Is the housing boom running out of gas? During the last few years, the home market has been on a tear in North Texas and in other parts of the country, with prices soaring and buyers lining up as soon as a sign hits the front yard. But there are growing signs that the fast-paced housing market is shifting gears, with a decline in sales in many markets and smaller price increases. In July, U.S. preowned home sales fell from a year ago for the fifth month in a row. And nationwide new home sales were down almost 2 percent in July, causing analysts at IHS Markit to question if the bull home market has turned bearish. "The economy is strong. Labor markets are solid. Yet, new home sales and single-family housing starts and permits have stalled. How can this be?" said Patrick Newport, executive director of the U.S. economics team at IHS.
Newport said rising home prices and higher mortgage rates have cooled the ardor for home buying. "This has choked off demand," he said. A slowdown in immigration and household formation could also be factors, Newport theorizes. In North Texas, year-over-year preowned home sales have fallen in many neighborhoods, and for the entire region, year-to-date sales were up a measly 2 percent as of July. At the same time, the double-digit percentage home price gains of the last few years have faded in Dallas-Fort Worth. Through the first seven months of 2018, median home sales prices were up only 6 percent from the same period last year, according to sales data from real estate agents.

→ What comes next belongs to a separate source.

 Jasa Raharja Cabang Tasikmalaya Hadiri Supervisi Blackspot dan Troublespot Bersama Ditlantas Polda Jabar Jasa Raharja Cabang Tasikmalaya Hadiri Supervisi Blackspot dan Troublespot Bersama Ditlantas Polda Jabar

Property agents say that some first-time buyers have given up after losing out to other buyers or all-cash investors who snapped up affordable homes. At midyear, the number of prospective U.S. homebuyers who said they planned to make a purchase in the next 12 months fell to just 14 percent — down from 24 percent in fourth quarter of 2017, according to the National Association of Home Builders. That's still another sign that the home market — while not in a traditional bubble — may be headed for slower sales in the year ahead. "It's clear that the winds that have boosted sellers over the past few years are ever-so-slightly starting to shift," said Zillow senior economist Aaron Terrazas.